A Son of War
Page 3
Sam wished Alex had not written that. A sense of loss hit his solar plexus. He lit another cigarette from the stub of the one he was smoking. His hands were steady: it was his mind that was trembling. What if he had made the wrong decision? What if his reasons and his painstaking progress to the train that would have taken him on the first leg to Australia, to a new start … Why had Alex urged, even pushed him off? Why had he let him?
He sucked deeply on the strong cigarette.
It had been a good decision, he told himself. His return from the war had been like an order. The second time, however close a shave, was of his own will. He had come back, and finally, to Ellen and Joe.
But the doubt he had repressed so successfully now oozed its poison. Was that the real truth of it? Did he not want to be out there, in the purpling sun, with Alex, starting a life freed from the ball and chain of his past? What was there for him in Wigton but to do this and this and no more? To know his place, his limits, his limitations, his predestined mediocrity, his inevitable failure to be at the full stretch of himself. Those cramping chains, he believed, would have melted away under the sun. And he had turned back and turned his back on it. Ellen and Joe could always have followed. They would have followed. Surely.
The force of this loss (this mistake?), which came like an instant onrush of retrospective insight and regret and pain, rattled him and but for the demand of the rest of the letter he would have gone outside, cold though it was, to shake it off.
He inhaled even more deeply so that the smoke swelled out his lungs. He glanced around at Ellen. The magazine had fallen out of her hands. She was dead to the world.
He had taken a path and he had to stick to it, he told himself. No retreat. Regrets were weak. You got stuck in.
It can be both unnerving and exhilarating to know that most of us are stranded here every bit as much as the early convicts. They could not return until their sentence was up. We are here until that unimaginable day when we’ll have saved enough to pay the full passage back. By which time we’ll all be good Aussies saying ‘Beaut’ and ‘See you this arvo’ and we’ll look down on the next shipload of Poms.
One thing that happened on the ship - I just want to tell you. None of us will forget the children the Japs had bayoneted and tied to trees with barbed wire. You made us bury them. Even though we should have pressed on. I never admired you more - even the time you saved my stupid life. You never referred to it.

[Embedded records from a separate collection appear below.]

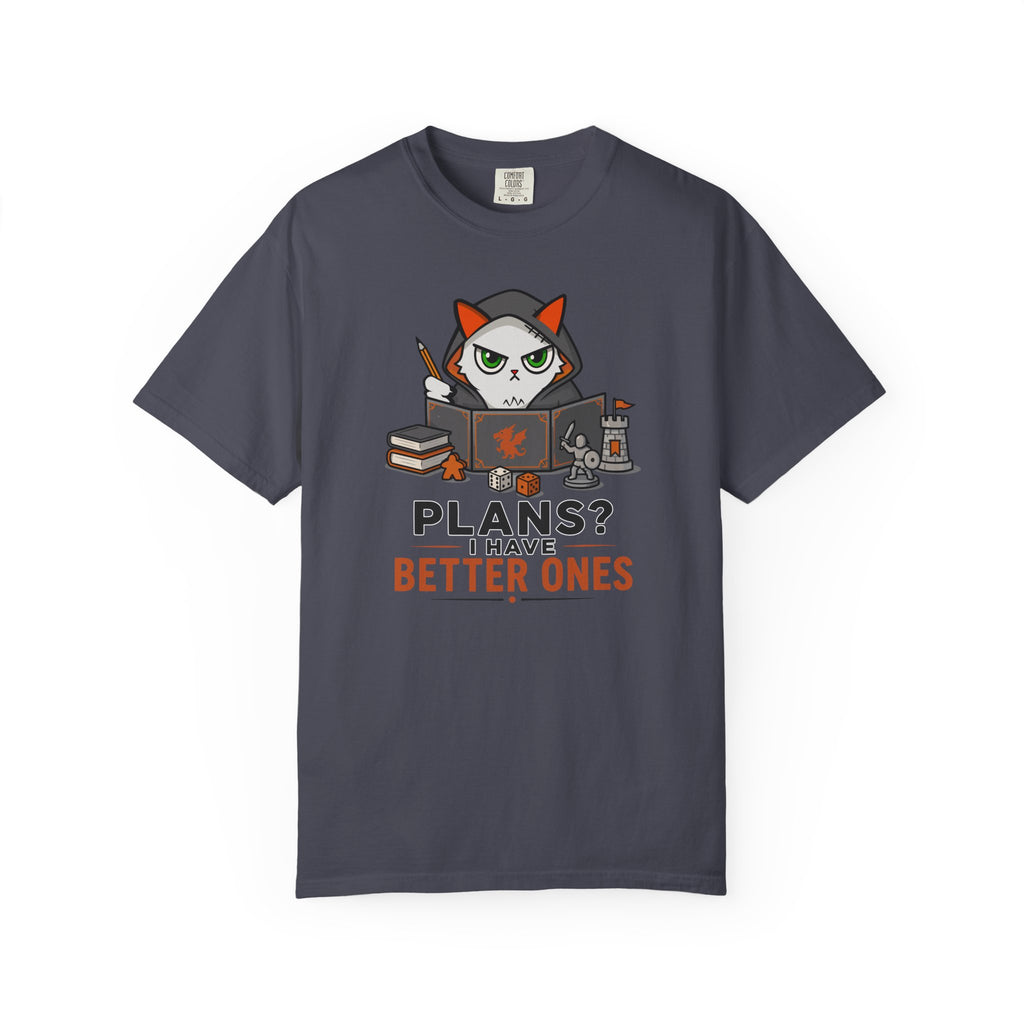 Plans? I’m have Better Ones (Felix)  T-shirt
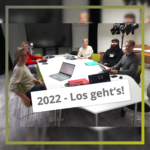 2022 – Los geht’s!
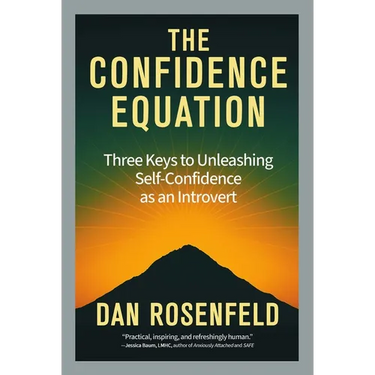 The Confidence Equation: Three Keys to Unleashing Self-Confidence as an Introvert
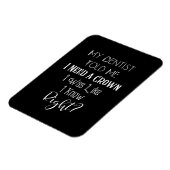 Mijn tandarts vertelde me dat ik een kroongeborene magneet (Linkerzijde)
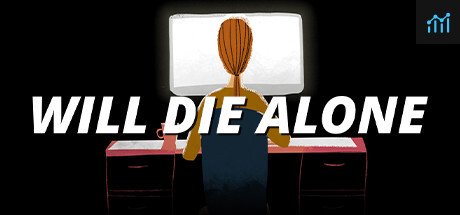 Will Die Alone PC Specs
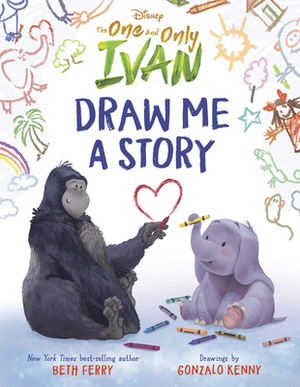 Disney The One and Only Ivan: Draw Me a Story by Beth Ferry, Gonzalo Kenny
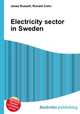 Electricity sector in Sweden, Jesse Russell,Ronald Cohn 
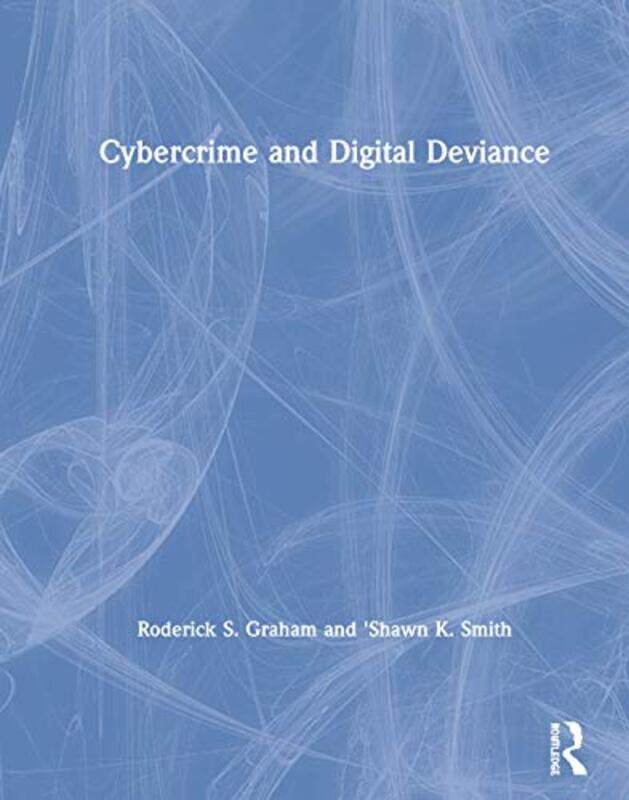

Cybercrime and Digital Deviance by David HayesJack NinemeierAllisha Miller-Paperback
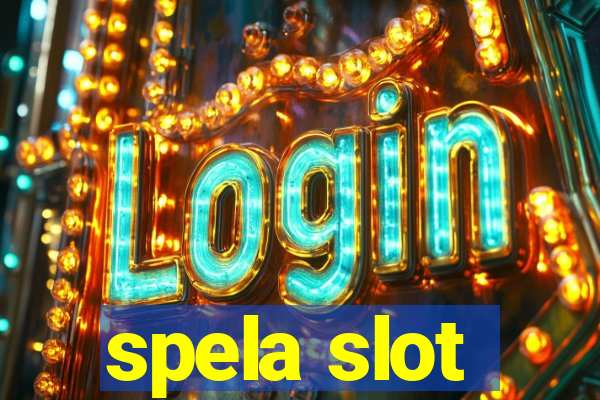 spela slot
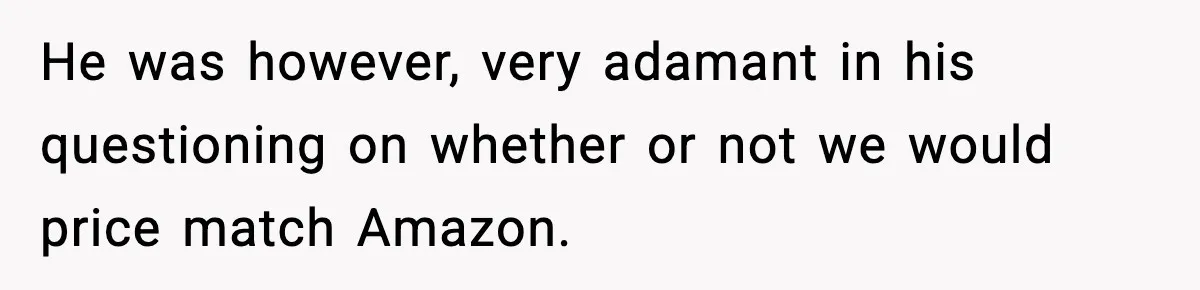 He was however, very adamant in his questioning on whether or not we would price match Amazon.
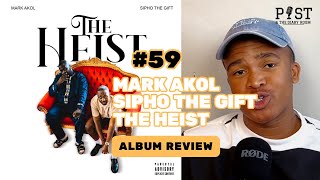 Diary Entry 59 Mark Akol U0026 Sipho The Gift  The Heist Album Review
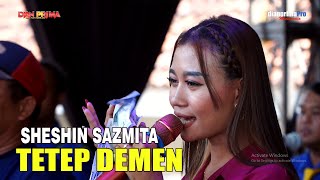 TETEP DEMEN - SHESHIN SAZMITA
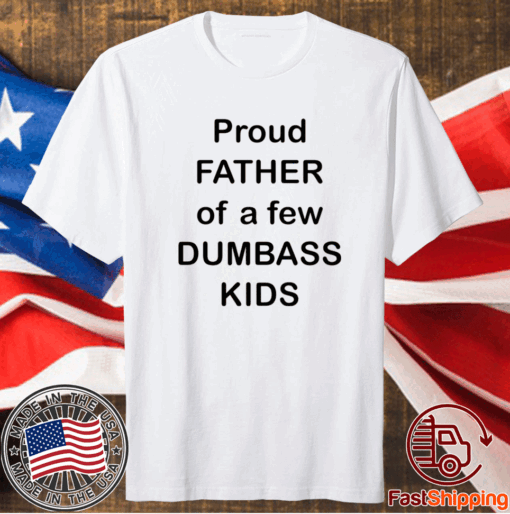 Proud Father Of A Few Dumbass Kids T-Shirt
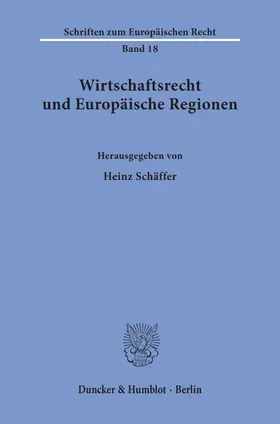 Schäffer |  Wirtschaftsrecht und Europäische Regionen. | Buch |  Sack Fachmedien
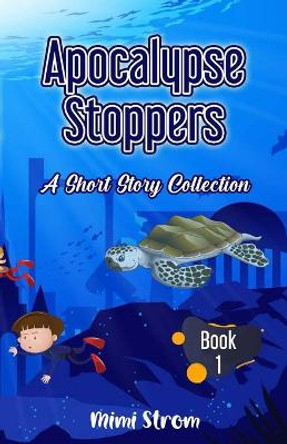 Apocalypse Stoppers Mimi Strom 9781087985503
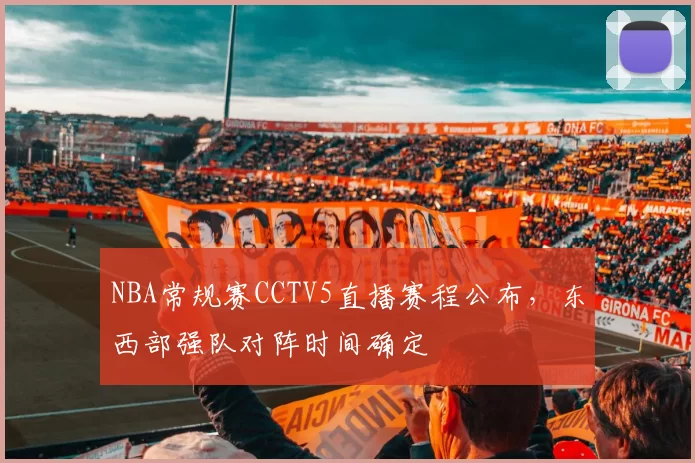 NBA常规赛CCTV5直播赛程公布，东西部强队对阵时间确定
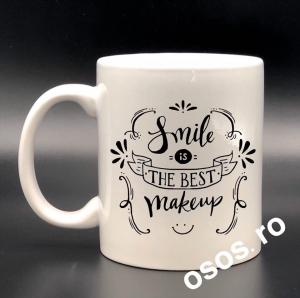 Căni personalizate - Cana personalizata - Smile is the best makeup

That scene come back to haunt me. There were dozens of children on the ship. Some of the men rigged up a sort of gym-playground with ropes and you would see them hanging there - semi-naked like the little Burmese kids. I had nightmares for days.
The source of one of Sam’s own most violent and deeply planted nightmares found a perfectly matching echo on the thin blue paper. He felt a bond closer than kinship fly from the room over oceans and continents to Alex in his lonely dusty lodgings many thousand miles away. Alex was right. He never had referred to it, not to Alex, not to Ellen. Like so much else in the year since his return, his only defence against his past had been to use all his might to force the war out of his mind. It was some time before he could read on.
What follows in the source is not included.